In my mind, Mu maps rather perfectly to Paxos/MultiPaxos, adjusted for the RDMA usage. Accept phase is pretty much Paxos phase-2. The leader directly writes to the follower’s memory. Mu does not use protocol-specific acks, but there is still an RDMA-level ack for successfully writing memory and thus completion of phase-2. Of course in Paxos, followers must check the ballot before accepting an operation in Phase-2. This requires processing and will negate the benefits of direct memory access. To work around the problem, Mu uses RDMA permissions to control whose memory writes are accepted in phase-2. The bottom line, however, is that we have a single round trip phase-2 capable of rejecting messaging from “wrong” leaders, just like in Paxos.

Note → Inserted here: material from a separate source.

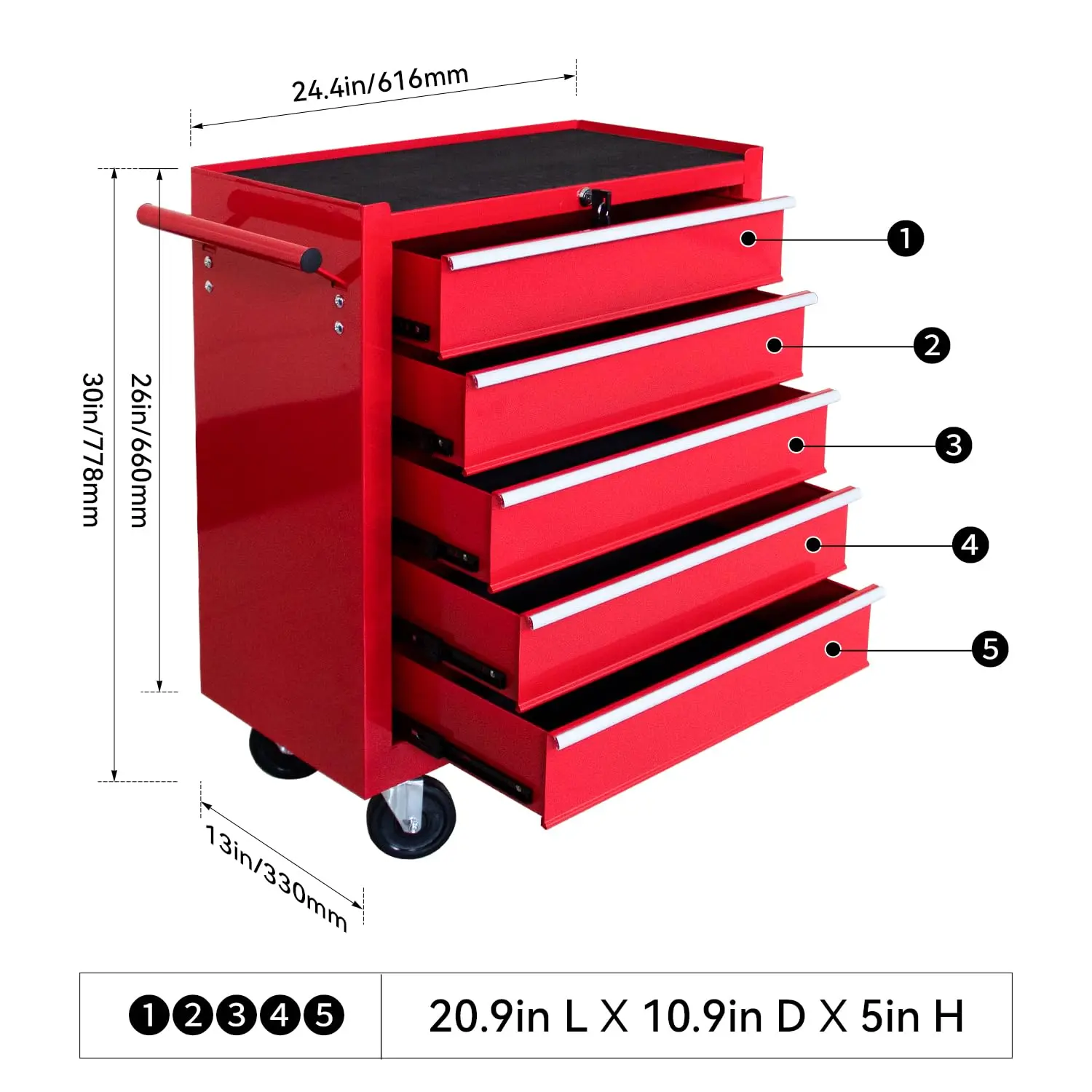 Rolling Garage Workshop Tool Organizer - Image 3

Paxos elects a leader in phase-1. In Mu, the equivalent of phase-1 consists of 2 sub-phases. First, a prospective leader contacts the quorum of followers and tells them to change the permissions from an old leader to itself. This prevents the old leader from writing to a quorum and makes it stop. This quorum becomes “the leader’s go-to quorum”, as it can only write to the nodes from that quorum due to permissions. In the second sub-phase, the prospective leader learns of the past proposal/ballot number and any past operations to recover. The leader then picks a higher proposal number and writes it back. Just like in Paxos/MultiPaxos, the leader must recover the learned commands.

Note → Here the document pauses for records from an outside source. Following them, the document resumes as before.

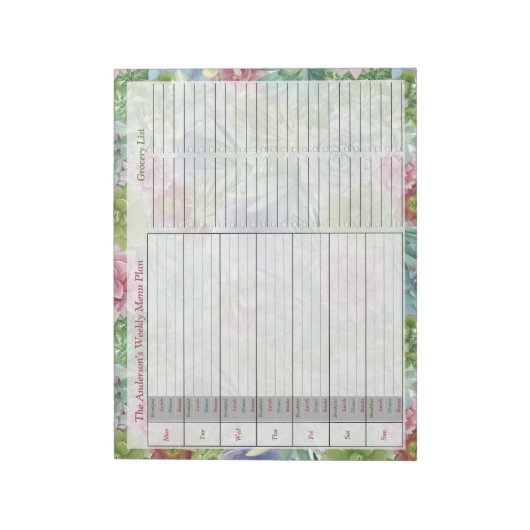 Succulents Weekly Personalisiert Menu Plan Notepad Notizblock (Rotiert)
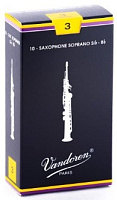 Vandoren SR203 трости для сопрано-саксофона , традиционные (синяя пачка), №3, (упаковка 10 шт.)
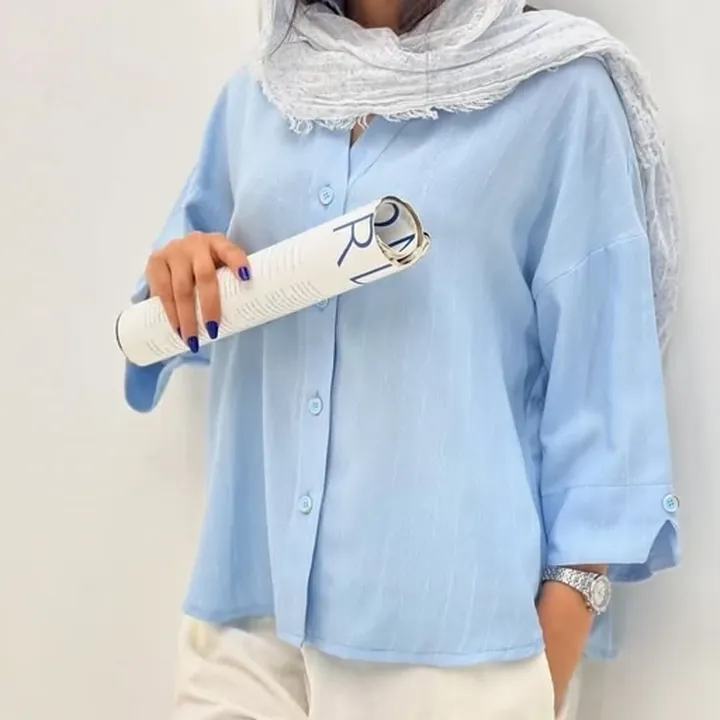 شومیز مانتویی زنانه کرپ نخ تابستانه مانتو تابستانه زنانه  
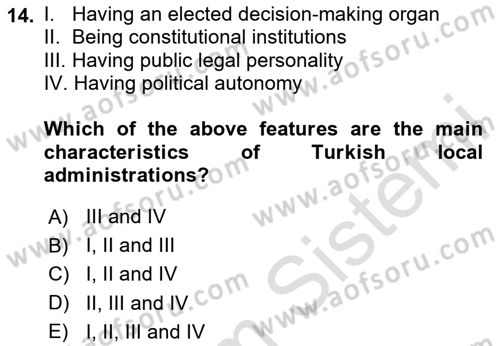 Turkish Public Administration Dersi 2024 - 2025 Yılı (Vize) Ara Sınav Soruları 14. Soru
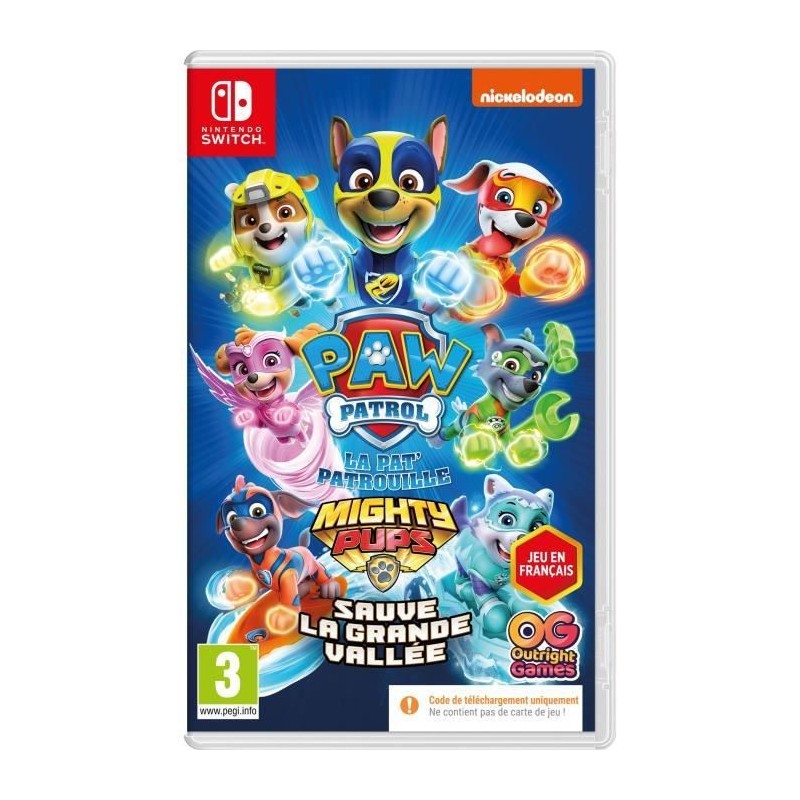 Paw Patrol la Pat' Patrouille la Super Patrouille sauve la Grande Vallée Jeu Switch - CIB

Another prominent part of the paper is the failure detector. The authors claim that it allows for fast leader failover. The detector operates by a pull mechanism — a leader maintains a heartbeat counter in its memory, and increments it periodically, the followers read the counter and depending on the counter’s progress adjust the “badness” score. If the counter moves too slow or does not move (or not readable at all?), the badness score becomes high, causing the follower to decide that a leader has failed and try to take over.

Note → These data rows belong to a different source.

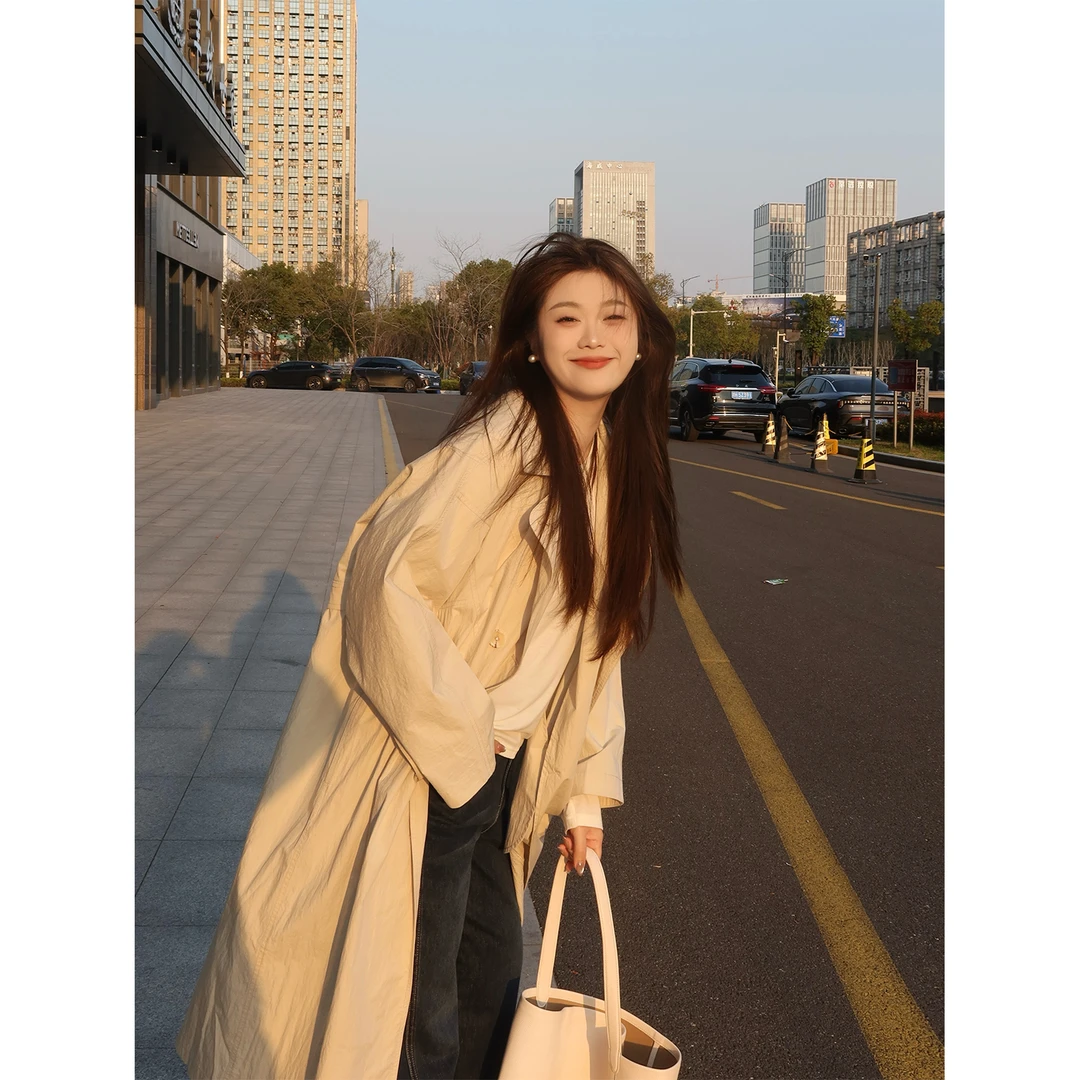 裂渡宣宣【晚风呢喃】微胖大码女春气质百搭显瘦廓形风衣 ZY503A80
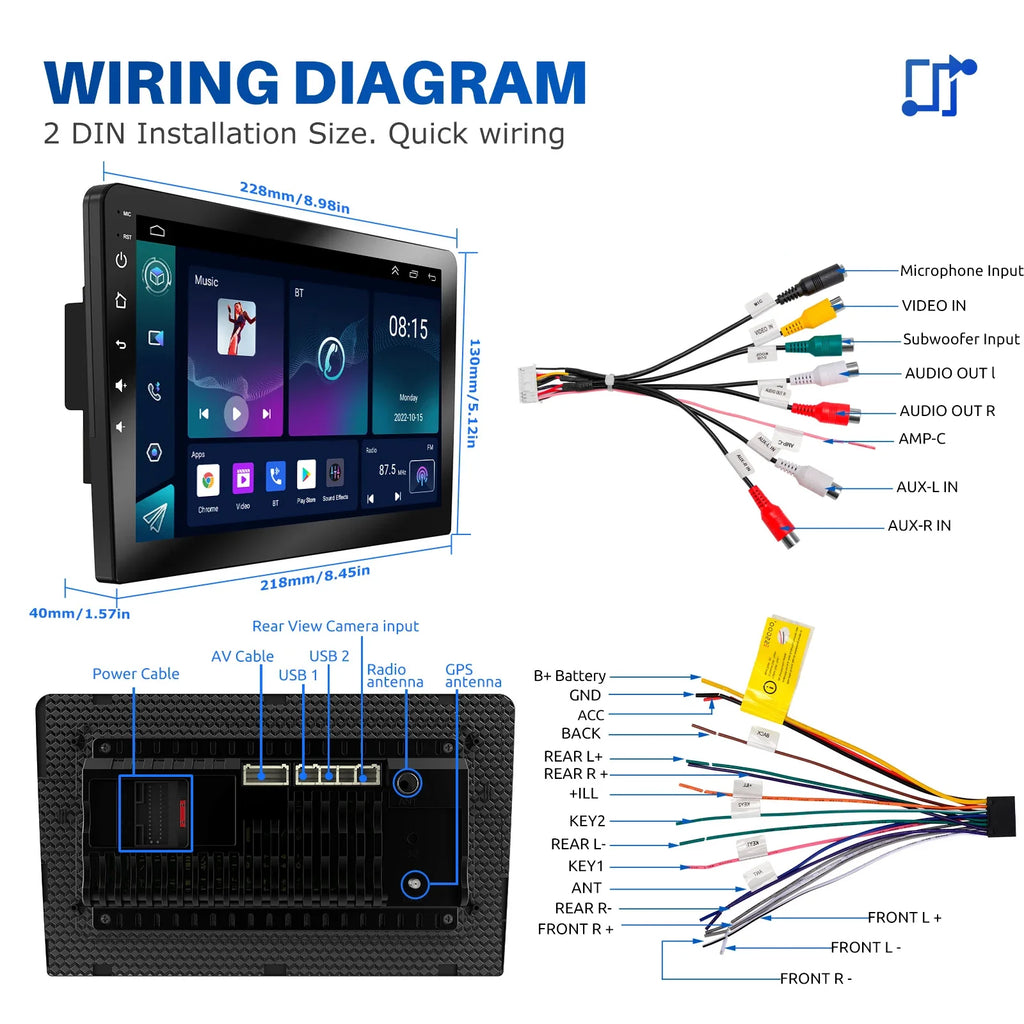 ESSGOO 2 Din Car Radio Carplay Android Auto 7 9 10 Inch 4G 64G Universal Multimedia Player DSP FM RDS AHD GPS WIFI Autoradio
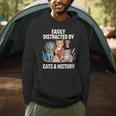 Easily Distracted By Cats & History Teacher Women Men Men Hoodie, novelty gifts, funny gifts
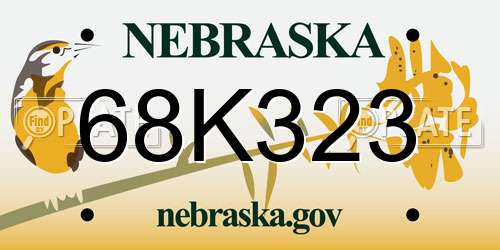 68K323 Nebraska License Plate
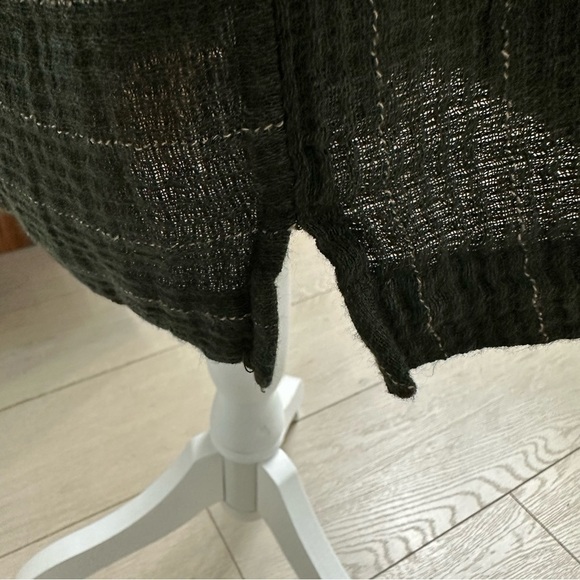 Wrap London Tunic Dress With Pockets Dark Olive Green & Light Stripes Size 4 - Picture 8 of 11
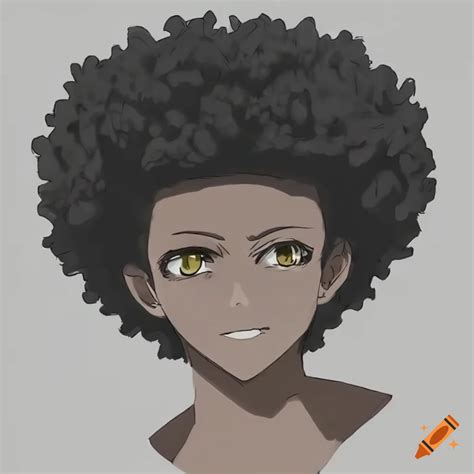 Illustration of a black guy manga with dreadlocks on Craiyon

As always, the paper has way more details than I can cover in a short summary. Our group’s presentation by Mohit Garg is available on YouTube:

Discussion

1) Performance. Microsecond latency covers only replication and does not include any of the client interactions or request capture. These components may add a significant delay to the client-observed latency. Moreover, the throughput figure has latency that is at least somewhat close to 1 microsecond only at the low-end of the throughput curve. Pushing more operations degrades latency quite significantly — up to 15 microseconds. Of course, it is worth noting that this is with batching enabled, so still pretty impressive.

2) Use of RDMA permissions for leader enforcement. This looked familiar to me… Until I was reminded that in the 17th reading group meeting we looked at the “Impact of RDMA on agreement” paper by the same authors.

3) Quorums. Since the protocol relies on the permissions to be explicitly granted to a leader when it contacts a quorum, that leader cannot use any other quorum, as it won’t have permissions to access it. We were not very sure why a leader cannot contact all nodes and try to get permissions to all of them. It still needs only the majority to succeed, but having more than the quorum of nodes who can accept writes from leader may be handy, since trying to write to more nodes than the minimal quorum can be useful for controlling the tail latency and tolerating strugglers.

4) Flexible Quorums. This continues the above point about quorums. Flexible quorums are quite useful in trading off fault tolerance and scalability. Since Mu is restricted to just one quorum that granted the write permissions, it cannot take advantage of flexible quorums, such as grids.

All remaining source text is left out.